- **WHAT THIS TASK INVOLVES**:
As the answer, give exactly the lines of the records below from the one with "KÖNİG K-10P 500FX" through the one with "Bague diamant marquise East West", ends included and pictures left out.

- **DATA FOR THE TASK**:
:::::
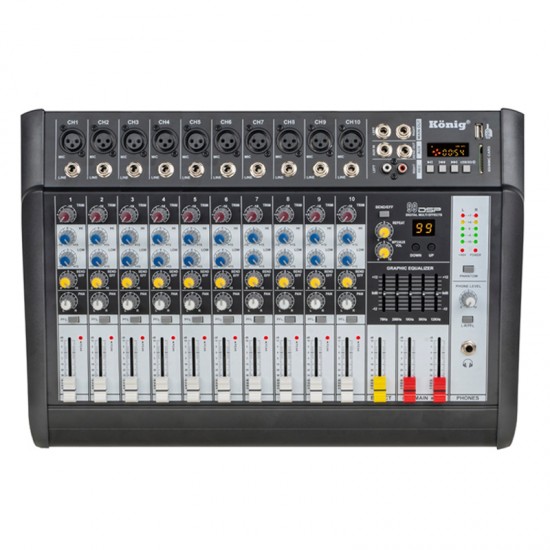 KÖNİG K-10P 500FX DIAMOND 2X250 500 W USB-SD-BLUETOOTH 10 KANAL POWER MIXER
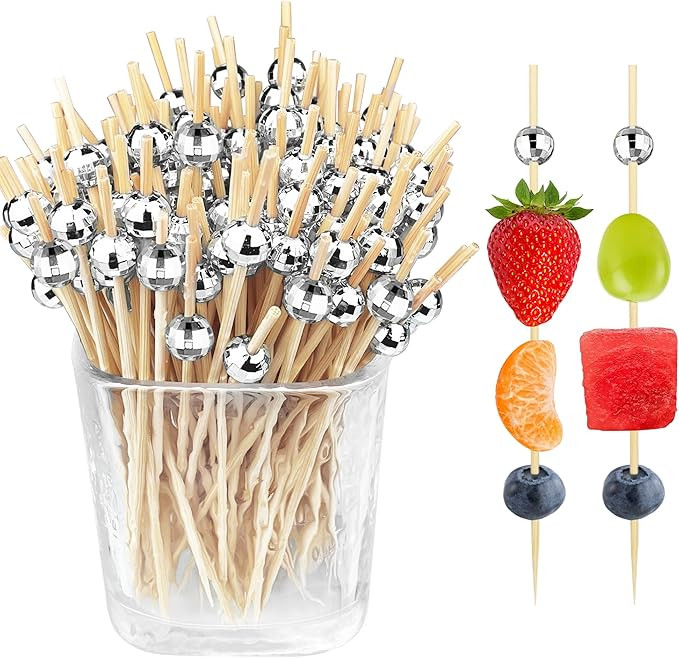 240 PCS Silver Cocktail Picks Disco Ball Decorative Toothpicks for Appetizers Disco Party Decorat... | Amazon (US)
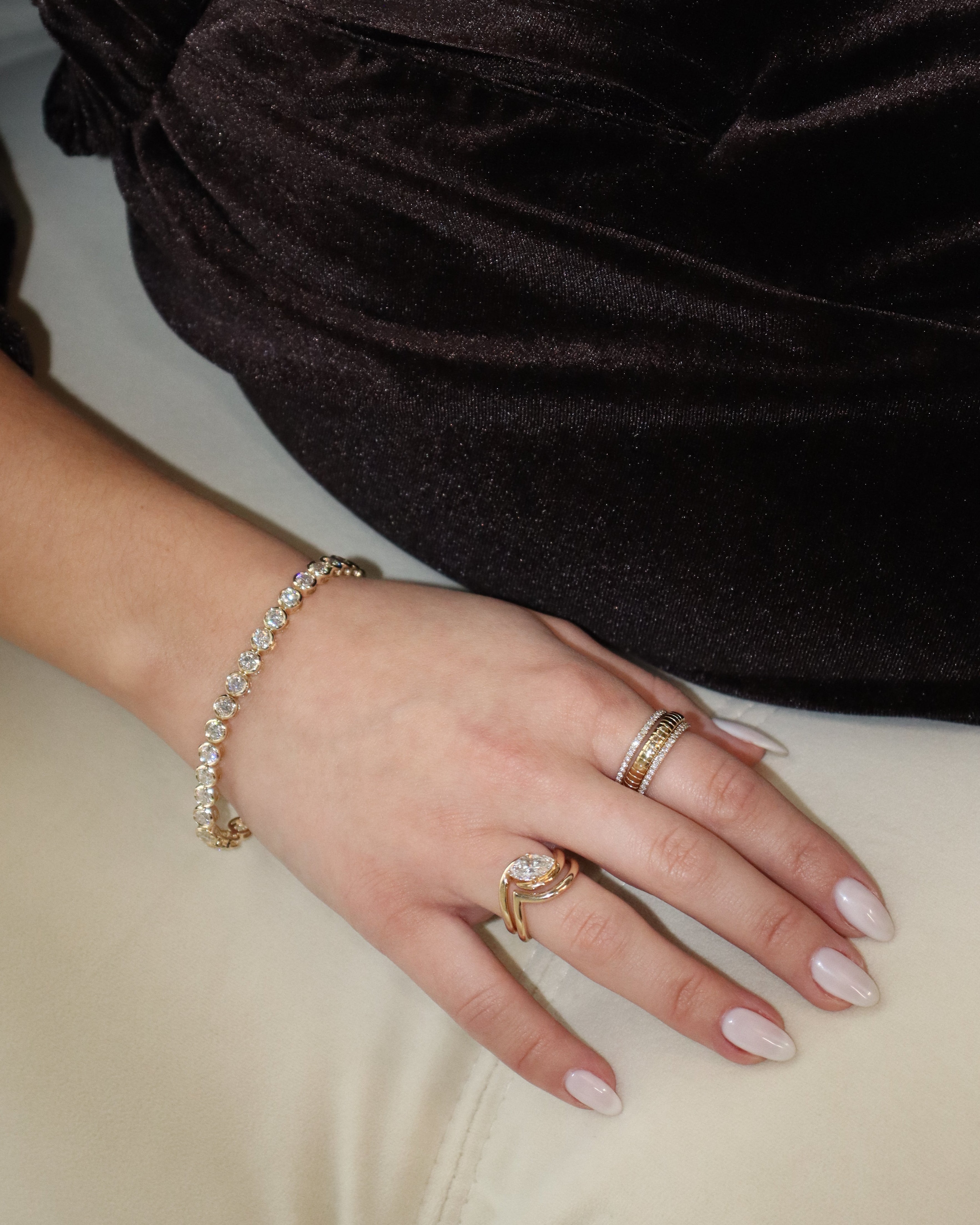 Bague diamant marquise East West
:::::
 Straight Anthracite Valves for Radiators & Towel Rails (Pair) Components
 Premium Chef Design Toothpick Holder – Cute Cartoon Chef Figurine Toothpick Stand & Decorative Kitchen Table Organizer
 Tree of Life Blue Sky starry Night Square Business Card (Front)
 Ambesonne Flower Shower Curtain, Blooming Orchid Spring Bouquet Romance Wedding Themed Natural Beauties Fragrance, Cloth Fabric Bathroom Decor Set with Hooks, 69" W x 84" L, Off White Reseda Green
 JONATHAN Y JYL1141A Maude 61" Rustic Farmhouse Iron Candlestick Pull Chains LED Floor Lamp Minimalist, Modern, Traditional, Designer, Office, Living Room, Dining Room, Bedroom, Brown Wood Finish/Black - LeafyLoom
:::::
- **TASK RESULT**:
 KÖNİG K-10P 500FX DIAMOND 2X250 500 W USB-SD-BLUETOOTH 10 KANAL POWER MIXER
 240 PCS Silver Cocktail Picks Disco Ball Decorative Toothpicks for Appetizers Disco Party Decorat... | Amazon (US)
 Bague diamant marquise East West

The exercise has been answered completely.